Tant qu’il y aura des suicides dans l’humanité, il serait inexplicable qu’il n’y eût pas des dévouements définitifs et sans espoir. On ne peut que regretter une chose, c’est que la société ne cherche pas à transformer le plus possible les suicides en dévouements[1]. On devrait offrir toujours un certain nombre d’entreprises périlleuses à ceux qui sont découragés de vivre. Le progrès humain aura besoin pour s’accomplir de tant de vies individuelles, qu’on devrait veiller à ce qu’aucune ne se perde en vain.

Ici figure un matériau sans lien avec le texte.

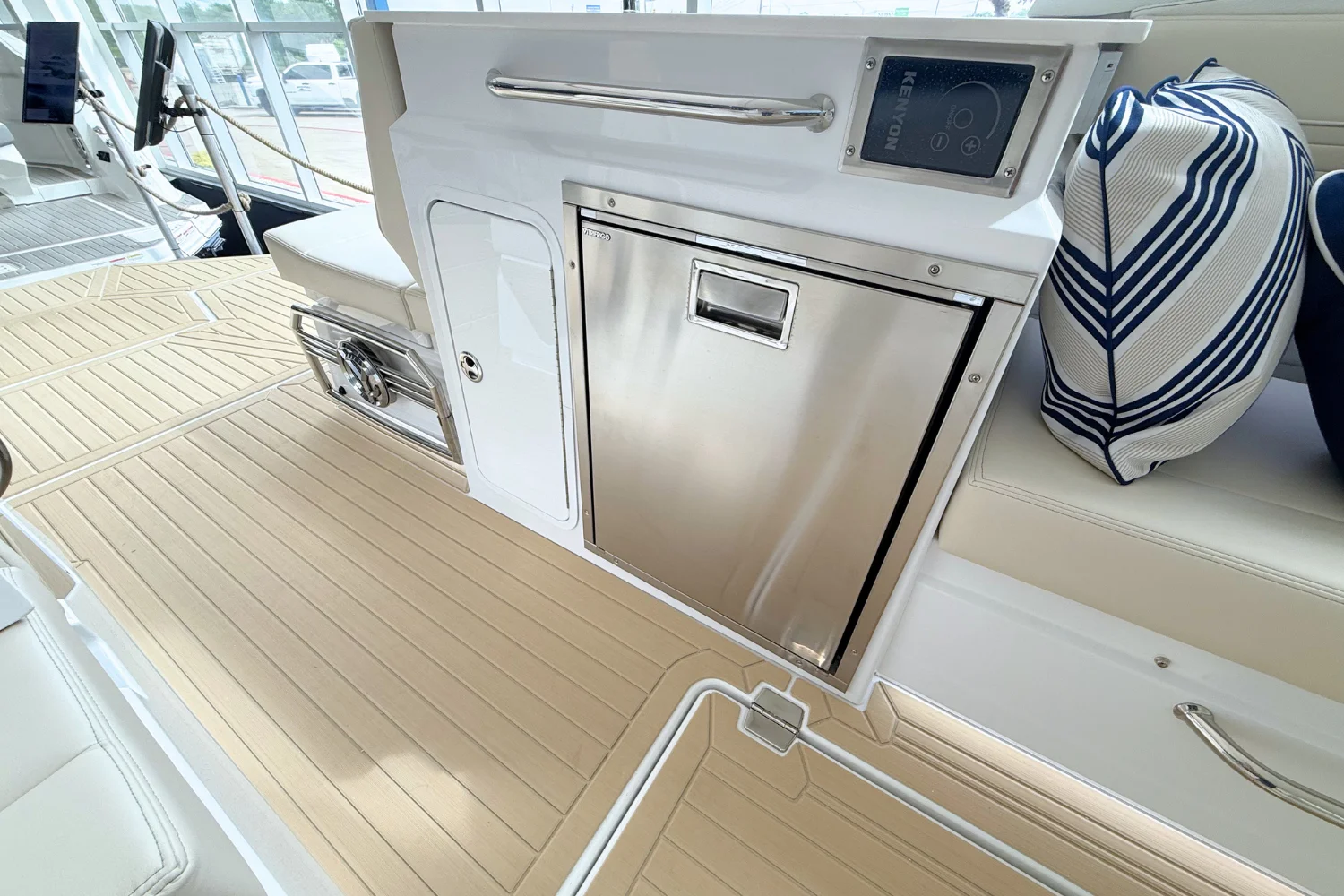 2026 Cruisers Yachts 34 GLS Image Thumbnail #16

Dans l’institution philanthropique dite des dames du calvaire, on voit des veuves se consacrer à soigner des maladies répugnantes et contagieuses ; cet emploi, au profit de la société, des vies que le veuvage a plus ou moins brisées et rendues inutiles est un exemple de ce qu’on pourrait faire, de ce qu’on fera certainement dans la société à venir. Il existe des milliers de personnes pour lesquelles la vie a perdu la plus grande partie de sa valeur ; ces personnes peuvent trouver une véritable consolation dans le dévouement : il faudrait les employer. Il faudrait, de même employer toutes les capacités ; or, il y a des capacités spéciales pour les métiers périlleux et désintéressés, des tempéraments faits pour s’oublier et se risquer toujours eux-mêmes. Cette capacité pour le dévouement a sa source dans une surabondance de vie morale ; toutes les fois que, dans son milieu, la vie morale d’un individu est arrêtée, comprimée, il faudrait lui découvrir aussitôt un autre milieu où elle retrou-

  1. Récemment, sur la place des Invalides, au moment où un chien enragé allait se jeter sur des enfants, un homme courut sur lui, le terrassa, lui brisa la colonne vertébrale et le jeta dans la Seine : comme on voulait faire soigner les morsures assez nombreuses que cet homme avait reçues, il se déroba à la foule, disant qu’il voulait mourir parce que « sa femme lui avait brisé le cœur. » — Il ne devrait pas y avoir d’autres suicides.